Ce qu'il m'importe de souligner, c'est que, dans les documents disponibles au moment de l'approbation de l'ouvrage au Saint-Gothard, on avait prévu que cette structure allait absorber tout au plus 1,5 million de véhicules par an. Aujourd'hui, il en passe 6 millions. Je crois qu'il se pose dès lors un problème de responsabilité: du chef du département, du Conseil fédéral et de nous. Si un nouveau désastre se produisait, je comprendrais qu'une victime intente une action judiciaire contre la Confédération. Parce que si une structure a été ouverte au trafic, si les techniciens disaient eux-mêmes qu'elle était adaptée au passage de 1,5 million de véhicules par an et si l'on tolère qu'il en passe 6 millions, dont des camions dont on ignore quel genre de chargement ils ont, je trouve qu'il y a une responsabilité qui pourrait être aussi pénale. Donc ne faisons pas de l'idéologie avec ce tunnel du Gothard, mais respectons simplement la vie et la santé des gens! Je trouve qu'au Gothard, on prend trop à la légère le problème de la sécurité.

Il y a un autre argument, c'est celui de l'accessibilité d'une région. M. Bieri nous dit, que d'après la statistique des [PAGE 518] passages, l'axe du Saint-Gothard ne serait pas prioritaire. C'est peut-être vrai! Mais sachez qu'au moindre accident au Saint-Gothard, toute une région reste bloquée parce qu'il n'y a pas d'autres alternatives. Dès lors, il est quand même un peu choquant de voir qu'on a construit une troisième galerie au tunnel du Baregg, sans aucun problème, alors qu'il y a d'autres possibilités routières de contournement juste à côté, qu'il y a un chemin de fer qui va permettre l'introduction dans très peu de temps d'un train direct Zurich-Berne chaque quart d'heure, et qu'on s'apprête aussi à construire une troisième galerie au Belchen.

J'ai donc de la peine à comprendre le pourquoi de cette discussion idéologique sur le Saint-Gothard! Je pense que les problèmes de trafic doivent être résolus avec d'autres moyens, autrement je devrais vous suggérer, pour limiter l'excédent de trafic sur l'autoroute Zurich-Berne, d'interrompre une des pistes sur 17 kilomètres, si telle est la solution pour contrôler le trafic.

Une toute dernière remarque.
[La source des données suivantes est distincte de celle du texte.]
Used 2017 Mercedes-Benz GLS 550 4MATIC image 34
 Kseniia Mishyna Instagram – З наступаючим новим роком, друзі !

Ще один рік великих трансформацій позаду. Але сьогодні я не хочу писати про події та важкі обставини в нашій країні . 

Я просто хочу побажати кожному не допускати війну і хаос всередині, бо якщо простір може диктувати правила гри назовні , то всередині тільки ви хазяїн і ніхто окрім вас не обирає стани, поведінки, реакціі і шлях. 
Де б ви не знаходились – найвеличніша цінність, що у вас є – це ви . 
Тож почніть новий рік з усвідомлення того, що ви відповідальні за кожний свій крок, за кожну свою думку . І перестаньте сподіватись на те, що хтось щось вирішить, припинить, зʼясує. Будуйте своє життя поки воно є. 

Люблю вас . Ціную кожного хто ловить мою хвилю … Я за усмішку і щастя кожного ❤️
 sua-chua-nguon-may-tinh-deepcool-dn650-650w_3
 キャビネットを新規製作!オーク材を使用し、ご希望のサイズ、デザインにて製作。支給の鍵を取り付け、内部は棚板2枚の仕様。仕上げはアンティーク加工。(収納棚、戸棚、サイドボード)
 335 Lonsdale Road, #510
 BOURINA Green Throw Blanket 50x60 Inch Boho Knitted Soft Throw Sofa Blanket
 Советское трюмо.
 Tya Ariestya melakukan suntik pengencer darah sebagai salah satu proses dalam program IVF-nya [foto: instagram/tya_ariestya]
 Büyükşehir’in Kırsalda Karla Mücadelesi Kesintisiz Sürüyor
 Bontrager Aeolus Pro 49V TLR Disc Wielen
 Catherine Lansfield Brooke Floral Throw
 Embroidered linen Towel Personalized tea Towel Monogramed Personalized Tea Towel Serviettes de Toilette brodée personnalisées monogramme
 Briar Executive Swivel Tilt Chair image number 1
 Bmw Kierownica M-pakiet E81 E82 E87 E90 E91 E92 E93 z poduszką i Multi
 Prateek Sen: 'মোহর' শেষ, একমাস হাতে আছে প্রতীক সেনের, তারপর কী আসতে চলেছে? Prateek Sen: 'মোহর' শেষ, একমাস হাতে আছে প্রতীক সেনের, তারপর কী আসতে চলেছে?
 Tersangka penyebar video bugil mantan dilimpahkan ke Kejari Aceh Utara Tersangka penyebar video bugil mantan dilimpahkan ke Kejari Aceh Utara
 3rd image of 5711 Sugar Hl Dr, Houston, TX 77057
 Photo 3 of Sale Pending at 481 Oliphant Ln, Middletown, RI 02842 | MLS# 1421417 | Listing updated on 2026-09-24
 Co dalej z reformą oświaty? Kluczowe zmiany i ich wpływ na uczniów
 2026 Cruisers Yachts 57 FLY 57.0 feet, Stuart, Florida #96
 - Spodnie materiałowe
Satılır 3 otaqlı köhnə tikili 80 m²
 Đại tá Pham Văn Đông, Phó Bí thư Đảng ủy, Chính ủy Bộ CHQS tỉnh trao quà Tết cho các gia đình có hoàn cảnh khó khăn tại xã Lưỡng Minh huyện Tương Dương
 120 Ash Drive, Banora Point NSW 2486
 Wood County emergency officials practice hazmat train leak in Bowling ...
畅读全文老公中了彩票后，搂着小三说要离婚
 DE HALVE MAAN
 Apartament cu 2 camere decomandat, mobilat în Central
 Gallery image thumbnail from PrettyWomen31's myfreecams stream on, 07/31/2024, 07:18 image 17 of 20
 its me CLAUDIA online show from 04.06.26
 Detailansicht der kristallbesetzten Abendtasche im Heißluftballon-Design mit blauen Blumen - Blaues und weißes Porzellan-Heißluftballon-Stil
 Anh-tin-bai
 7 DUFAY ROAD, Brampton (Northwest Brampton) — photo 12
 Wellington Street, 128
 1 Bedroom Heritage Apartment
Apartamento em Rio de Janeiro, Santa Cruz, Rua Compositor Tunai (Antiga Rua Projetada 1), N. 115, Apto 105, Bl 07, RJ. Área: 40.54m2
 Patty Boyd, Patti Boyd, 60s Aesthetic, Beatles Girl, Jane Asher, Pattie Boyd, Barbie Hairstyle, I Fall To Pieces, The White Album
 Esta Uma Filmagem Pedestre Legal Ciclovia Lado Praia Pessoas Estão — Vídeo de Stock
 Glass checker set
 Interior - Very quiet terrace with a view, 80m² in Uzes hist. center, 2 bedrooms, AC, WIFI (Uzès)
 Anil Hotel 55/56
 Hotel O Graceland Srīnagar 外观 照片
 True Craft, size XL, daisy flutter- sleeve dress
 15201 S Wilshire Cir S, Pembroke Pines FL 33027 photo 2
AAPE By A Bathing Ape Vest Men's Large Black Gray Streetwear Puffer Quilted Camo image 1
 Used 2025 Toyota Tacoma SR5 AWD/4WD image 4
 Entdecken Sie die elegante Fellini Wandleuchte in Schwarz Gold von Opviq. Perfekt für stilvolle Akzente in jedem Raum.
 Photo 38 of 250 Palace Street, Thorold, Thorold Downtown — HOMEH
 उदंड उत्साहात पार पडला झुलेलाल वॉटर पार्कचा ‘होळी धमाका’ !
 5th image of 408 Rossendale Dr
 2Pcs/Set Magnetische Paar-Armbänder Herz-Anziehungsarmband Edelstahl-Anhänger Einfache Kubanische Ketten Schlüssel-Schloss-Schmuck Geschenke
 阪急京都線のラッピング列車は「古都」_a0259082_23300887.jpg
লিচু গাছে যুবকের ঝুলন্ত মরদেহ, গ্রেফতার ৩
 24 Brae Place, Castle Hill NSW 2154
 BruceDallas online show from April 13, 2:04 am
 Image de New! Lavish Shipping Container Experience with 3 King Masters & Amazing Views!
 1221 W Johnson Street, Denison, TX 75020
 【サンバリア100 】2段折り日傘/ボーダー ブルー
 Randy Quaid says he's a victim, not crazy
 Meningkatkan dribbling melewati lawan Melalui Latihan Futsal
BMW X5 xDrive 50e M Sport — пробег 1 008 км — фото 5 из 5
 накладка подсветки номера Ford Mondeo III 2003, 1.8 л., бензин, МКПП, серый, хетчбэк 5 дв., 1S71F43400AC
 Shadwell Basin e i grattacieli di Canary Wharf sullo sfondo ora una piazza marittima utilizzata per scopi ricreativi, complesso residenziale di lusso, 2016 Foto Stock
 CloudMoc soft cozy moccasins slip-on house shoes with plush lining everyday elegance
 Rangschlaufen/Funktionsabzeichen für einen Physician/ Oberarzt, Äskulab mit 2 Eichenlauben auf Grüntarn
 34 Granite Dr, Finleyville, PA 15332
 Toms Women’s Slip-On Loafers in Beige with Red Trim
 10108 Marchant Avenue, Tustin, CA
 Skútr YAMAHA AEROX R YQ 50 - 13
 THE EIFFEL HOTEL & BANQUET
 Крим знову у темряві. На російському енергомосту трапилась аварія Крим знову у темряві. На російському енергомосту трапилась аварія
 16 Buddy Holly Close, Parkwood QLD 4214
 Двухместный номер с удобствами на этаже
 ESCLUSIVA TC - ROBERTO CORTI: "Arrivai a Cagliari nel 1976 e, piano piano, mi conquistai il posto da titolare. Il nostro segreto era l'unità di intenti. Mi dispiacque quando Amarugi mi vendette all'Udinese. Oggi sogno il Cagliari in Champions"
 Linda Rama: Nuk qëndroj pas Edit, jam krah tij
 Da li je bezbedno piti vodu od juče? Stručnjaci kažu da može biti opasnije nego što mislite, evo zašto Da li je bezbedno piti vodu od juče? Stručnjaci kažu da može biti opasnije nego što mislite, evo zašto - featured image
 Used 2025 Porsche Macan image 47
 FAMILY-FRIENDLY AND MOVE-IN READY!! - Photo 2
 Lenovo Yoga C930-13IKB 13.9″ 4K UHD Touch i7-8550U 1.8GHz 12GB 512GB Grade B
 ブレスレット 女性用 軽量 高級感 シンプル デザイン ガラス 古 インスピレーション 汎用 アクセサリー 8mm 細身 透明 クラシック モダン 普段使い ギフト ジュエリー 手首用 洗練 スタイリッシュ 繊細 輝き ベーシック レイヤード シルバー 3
Ce Conseil, contre l'avis du Conseil fédéral, avait, il y a une année ou deux, transmis à l'unanimité - par 34 voix sans opposition - la recommandation 01.3571, qui demandait que la route du col soit ouverte le plus tôt possible, que l'on fasse donc les interventions nécessaires et que l'on mette sur l'autoroute des signalisations avancées pour que cette route du col puisse être utilisée plus fréquemment. Je constate que jusqu'à aujourd'hui, on n'a strictement rien fait dans ce sens. Je trouve cela aussi absolument déplorable.